-- Data follows --

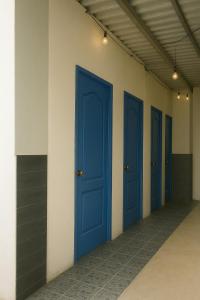 een rij blauwe deuren in een gang bij Surfside El Tunco in Tamanique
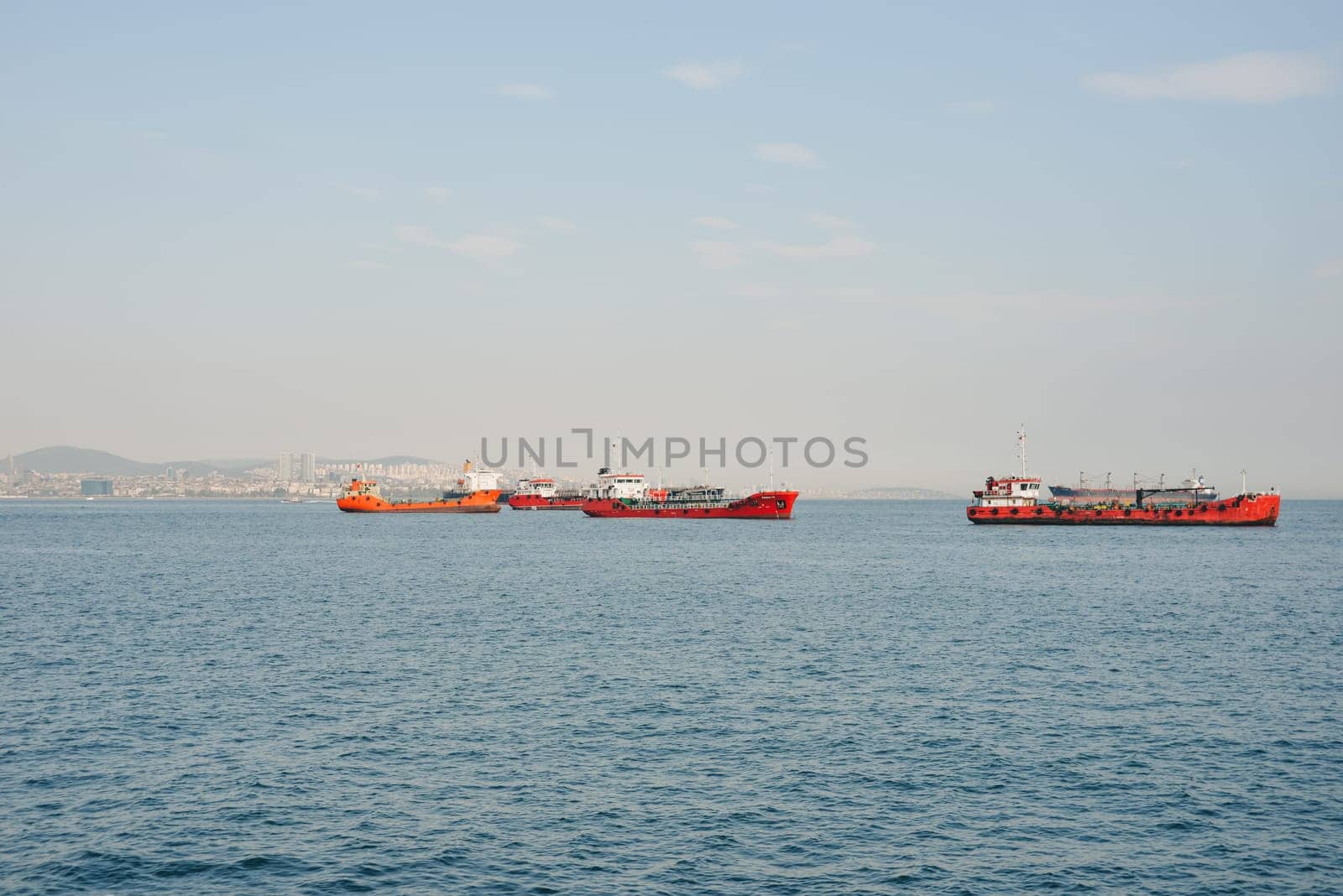 Istanbul, Turkey, May 02, 2023: Cargo ships pass through the Bosphorus, Istanbul by Ekaterina34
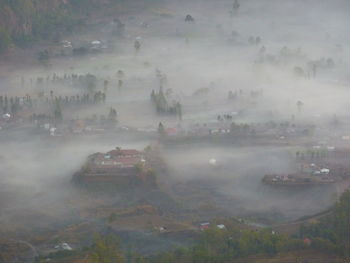 High angle view of cars on landscape against sky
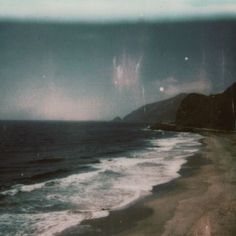 an old photo of the beach with waves coming in from the water and dark clouds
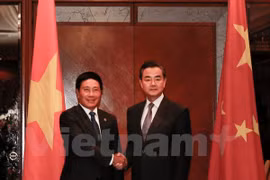 Los cancilleres de Vietnam, Pham Binh Minh, y China, Wang Yi (Fuente: VNA)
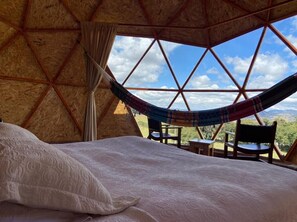 Een gezellige kamer met een bed, een hangmat en uitzicht op de natuur.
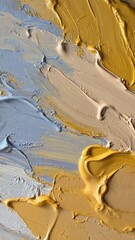 Close-up of abstract oil paint strokes in pastel blue, beige, and mustard yellow tones with thick texture. Concept of modern visual art, interior style, and creative mood expression.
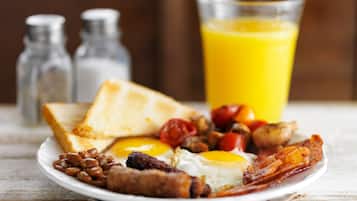Un plato de desayuno con tostadas, huevos, tocino, frijoles y tomates, acompañado de un vaso de jugo de naranja.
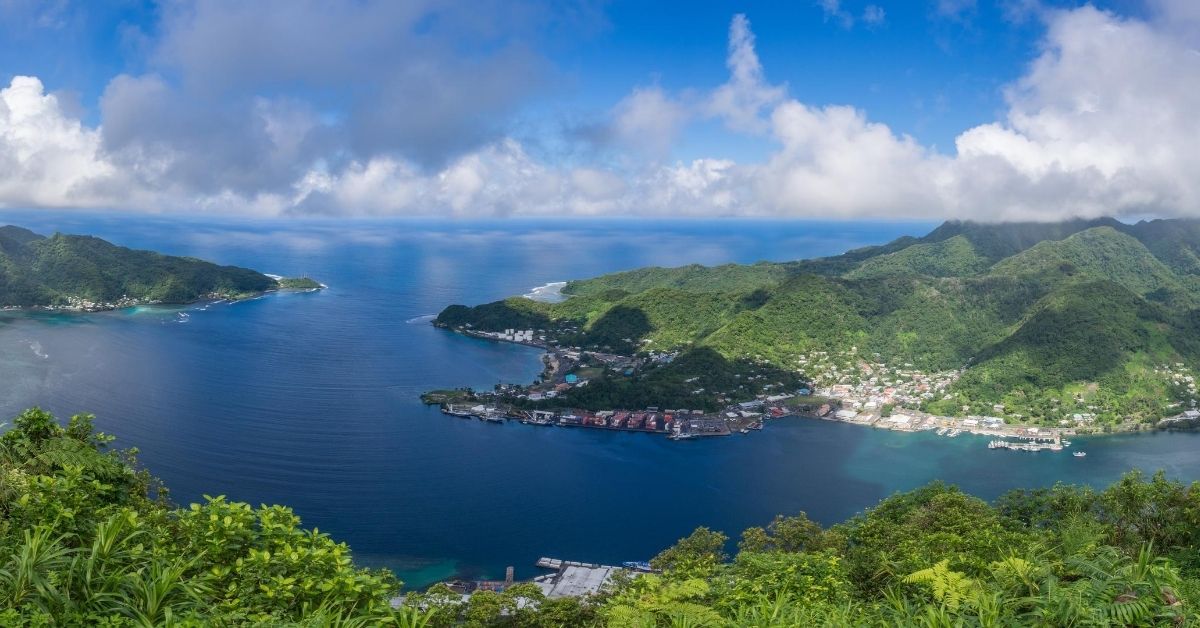 aerial view of mountainous island and town with bay and Pacific ocean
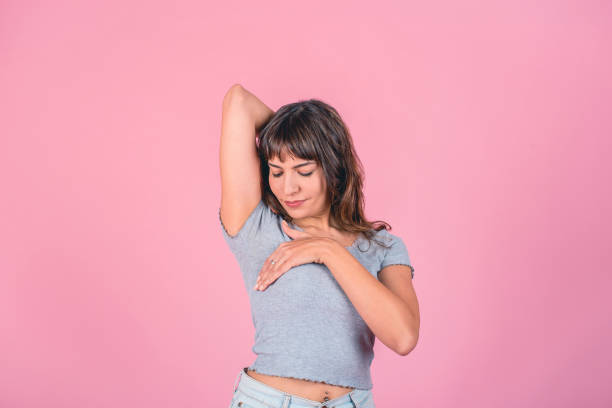 istock Woman doing a Breast Self-Exam over pink background 1604193081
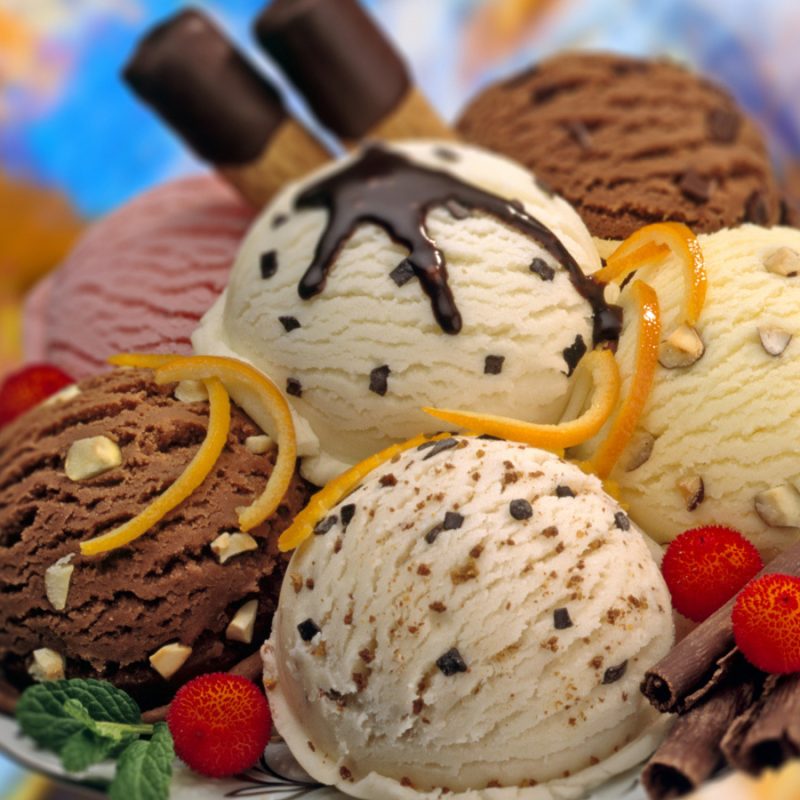 A composition of various flavours ice cream balls decorated with red fruits,chocolate curls and mint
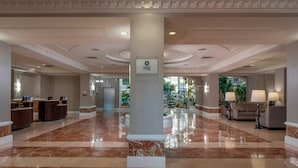 A spacious lobby with marble flooring, a reception desk, and a column with the logo 'spg'.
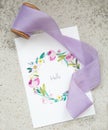 Pastel color hand drawed postcard and silk lillac ribbon on concrete background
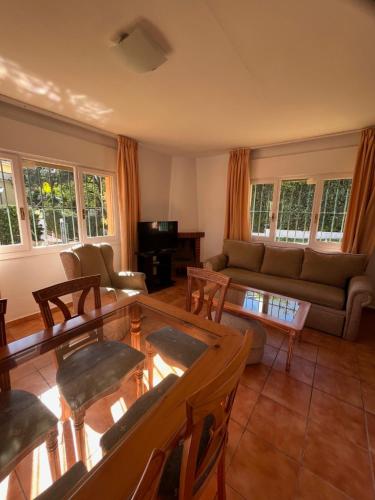 a living room with a couch and a table at Marbella Villas in Marbella
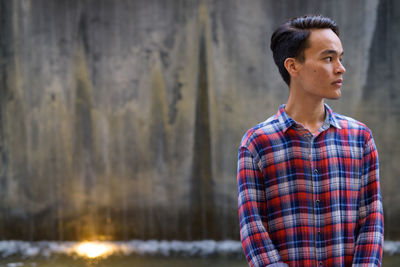 Young man looking away against wall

-- Data concluded --

Task brief> Starting at the line that contains "Los cancilleres de" and ending at the final line of the data, reproduce each line exactly. Pictures stay out of the copy.

Result of this exercise>
 Los cancilleres de Vietnam, Pham Binh Minh, y China, Wang Yi (Fuente: VNA)
 Een gezellige kamer met een bed, een hangmat en uitzicht op de natuur.
 Close-up of abstract oil paint strokes in pastel blue, beige, and mustard yellow tones with thick texture. Concept of modern visual art, interior style, and creative mood expression.
Un plato de desayuno con tostadas, huevos, tocino, frijoles y tomates, acompañado de un vaso de jugo de naranja.
 aerial view of mountainous island and town with bay and Pacific ocean
 istock Woman doing a Breast Self-Exam over pink background 1604193081
 A composition of various flavours ice cream balls decorated with red fruits,chocolate curls and mint
 A spacious lobby with marble flooring, a reception desk, and a column with the logo 'spg'.
 Pastel color hand drawed postcard and silk lillac ribbon on concrete background
 a living room with a couch and a table at Marbella Villas in Marbella
 Young man looking away against wall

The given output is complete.